A yellow ellipse marks the location of a valuable future landing site proposed by students participating in LPI Summer Intern program, within "walk-back distance" from a Copernican age crater perched high on a Schrödinger basin peak ring. LROC Wide Angle Camera (WAC) M169698283CE (604nm), LRO orbit 10142, September 3, 2011, resolution 81 meters from 58.55 km [NASA/GSFC/Arizona State University].
The National Research Council’s 2007 report, The Scientific Context for Exploration of the Moon, concluded the second highest priority is to determine the age of the SPA basin via sample return.  In the National Research Council’s 2012 report Vision and Voyages for Planetary Science in the Decade 2013-2022, a sample return mission was also a high-priority option for a New Frontier-class mission.  Several formal and informal recommendations by others in the community have also pointed to the SPA basin as a high-priority science and exploration target.

This novel web-based ArcGIS system provides co-registered base maps (e.g., topography and FeO abundances) and a series of feature layers (e.g., for volcanic rilles and ≥20 km-diameter impact craters).  Using the ArcGIS tool, users can zoom into lunar surface sites of potential interest.


Important:  This novel tool is accessible from browsers.  You do not need ArcGIS or a license to use ArcGIS on your computer – the system uses a new type of platform that will make it easier for people in the community to access SPA-related data.

The system is also integrated with information used in a previous lunar landing site assessment of the South Pole-Aitken Basin that was developed through the NLSI and the LPI-JSC Lunar Exploration Summer Intern Program.   That study determined that most of the goals articulated by the NRC (2007) report could be addressed within the SPA basin and highlighted, in particular, the attractiveness of Schrödinger basin and Amundsen crater for future missions.

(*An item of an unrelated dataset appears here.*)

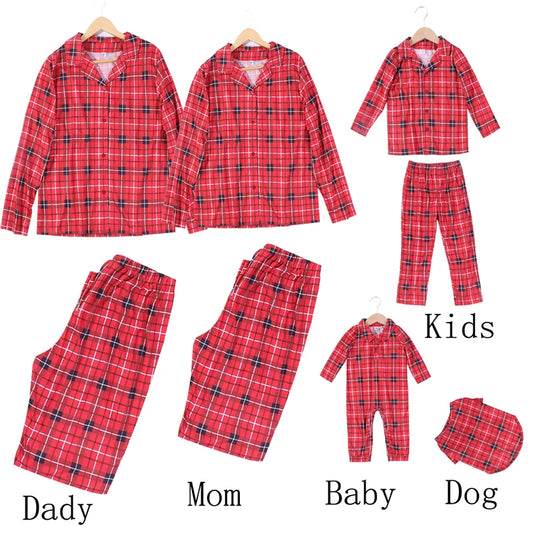 Christmas Family Matching Pajamas – Plaid Cotton Set for Mom, Dad, Kids, Baby & Pet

As users will see, however, there are a huge number of other interesting locations within SPA.


The oldest and largest verified impact basin, 2100 km-wide South Pole-Aitken, now believed by many to be oblong though the location of its central transitory morphological center remains elusive. Lunar Reconnaissance Orbiter laser altimetry (LOLA) [NASA/GSFC].
Data have been imported at the highest resolution available, although the data bandwidth for a real-time, on-line system currently limit the display of that data to 1000 meters.  This system is designed to evolve, however, so that it can provide the lunar community with an enhanced range of information and capabilities in the future. Additional base maps and feature layers are already in development for a second version that will be installed as soon as possible.